__ACTIVITY__
From the listing below, output the lines between the one with "Bolso de Hombro" and the one with "Streetwear Scarf LV", including those two, and nothing else. Pictures are not copied.

__DATASET RECORDS__
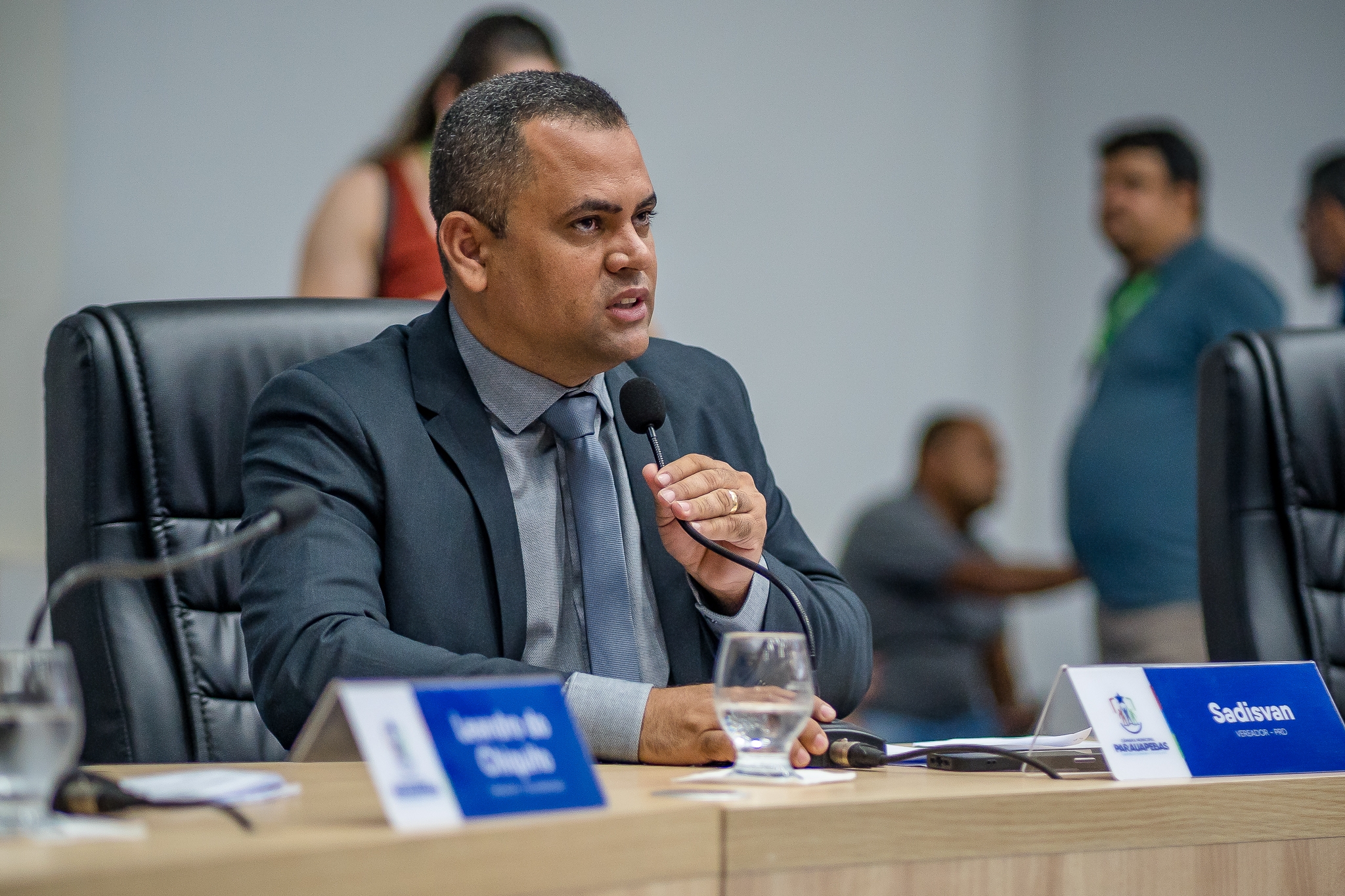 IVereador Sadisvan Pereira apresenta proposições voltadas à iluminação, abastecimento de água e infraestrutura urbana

==

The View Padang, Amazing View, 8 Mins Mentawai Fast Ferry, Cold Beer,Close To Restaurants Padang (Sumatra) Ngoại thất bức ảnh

==

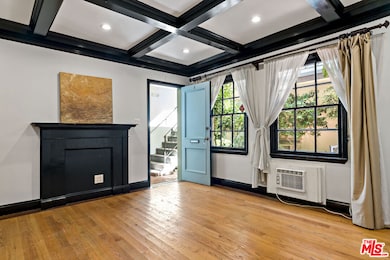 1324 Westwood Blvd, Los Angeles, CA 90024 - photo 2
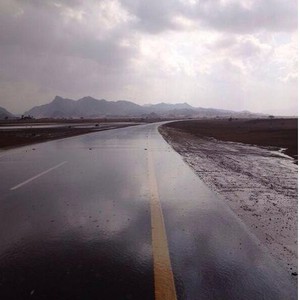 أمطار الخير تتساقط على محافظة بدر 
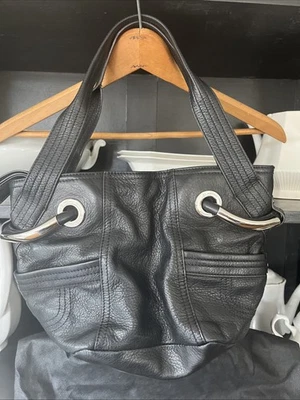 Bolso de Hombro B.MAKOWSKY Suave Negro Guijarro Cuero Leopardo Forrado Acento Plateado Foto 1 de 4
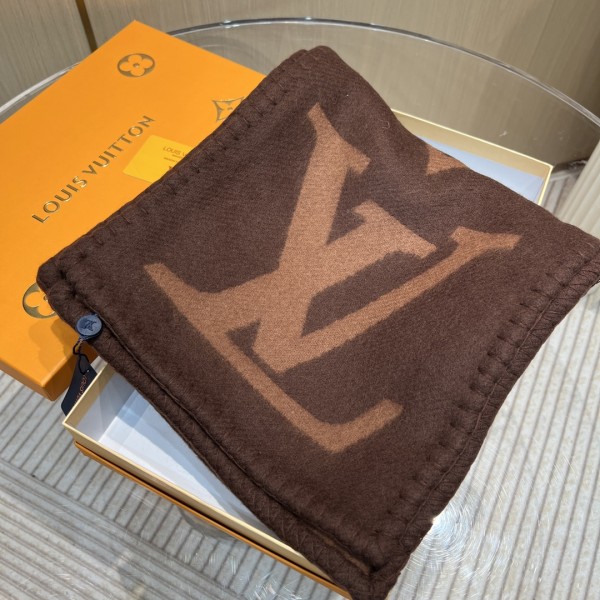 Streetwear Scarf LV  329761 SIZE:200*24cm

__SOLUTION TO THIS TASK__
 Bolso de Hombro B.MAKOWSKY Suave Negro Guijarro Cuero Leopardo Forrado Acento Plateado Foto 1 de 4
 Streetwear Scarf LV  329761 SIZE:200*24cm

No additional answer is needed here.